How a politician treats communities on the front line of oppression isn’t an exception or footnote; it defines who they are and tells you what they will do when the chips are down. If more Ashevillians had been willing to put serious pressure on Van Duyn after HB142, she would’ve been a lot less likely to turn coat on the gerrymandering plan. We’ll see if the lesson takes, or if Van Duyn will remain lauded even though her legislative record now largely consists of joining Republicans to pass two pieces of bigoted legislation hated by her constituents.
The uncertain path
How will city officials respond? So far it looks like their position remains one of opposition, though according to Manheimer they’re still deciding on the specific way to fight the gerrymandering plan.
“We have pretty consistently opposed any plan to district the city,” Manheimer tells the Blade. “As far as I know that hasn’t changed.”
“It did turn out differently than the local legislation that passed last year,” Manheimer added “We’ll need to have a discussion about how best to deal with this legislation now that it’s become law. My first thought was ‘well let’s put it back to a vote’ [via a referendum] because we the people voted against six districts. Should we do it that way or should we just file a lawsuit? There’s a lot to chew on.”
She shares, she says, concerns about the impact on minority turnout “and in these legal battles, that comes up a lot.”
Earlier this year, Manheimer notes she and other Council members visited state legislators in Raleigh and briefly discussed the bill when they were there for the League of Municipalities summit, and even sat in on a judicial redistricting hearing. Manheimer describes the legislature’s process for drawing districts as “a railroad job.”
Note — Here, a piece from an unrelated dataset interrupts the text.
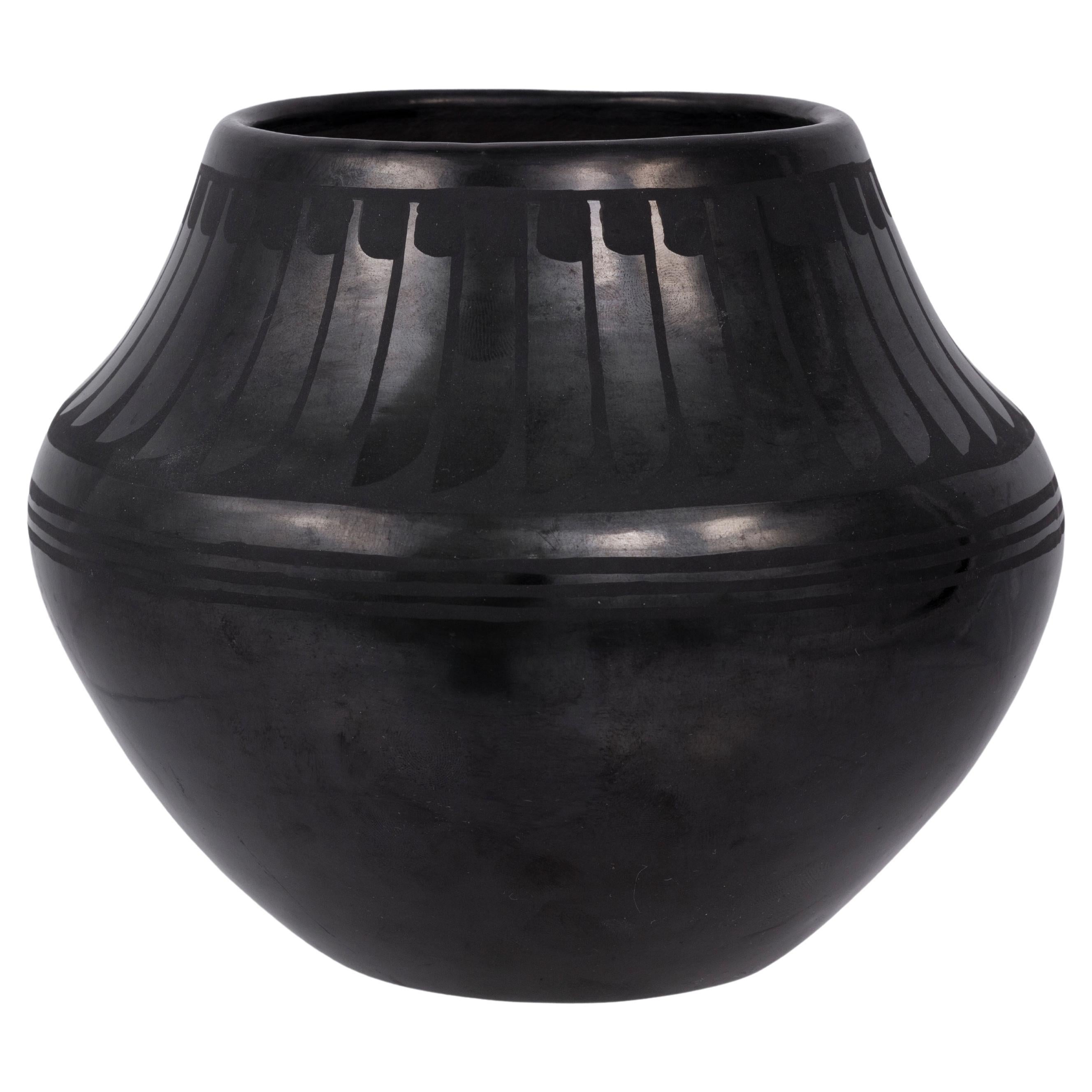 Maria and Santana Martinez Black Ware Pottery Jar For Sale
As mayor, she says she met with Edwards frequently to urge him to change or drop the plan entirely and talked to Van Duyn before the bill hit the Senate floor.
So far no Council member’s publicly said they’re willing to let districts go through without a fight. Smith and Young have condemned the latest plan vocally. Kapoor, in a July 4th message to the public, noted he’d had breakfast with Edwards and “left with a better understanding and respect of the other’s point of view.” But while he believed the legislator’s motives were sincere and honorable (the racial gerrymandering part didn’t get mentioned) Kapoor also wrote that he still disagreed with the districts bill.
Rather than put the matter to rest, the redistricting bill has likely just set off a lengthy legal and political battle. Even on the off chance the city doesn’t take legal action, numerous civil rights groups could and likely will (as happened with other gerrymandering battles) due to the pretty clear damage Edwards’ bill causes to black voters.
From Biltmore Forest, it might look like the issue’s now in the past. The view from Asheville is a very different story.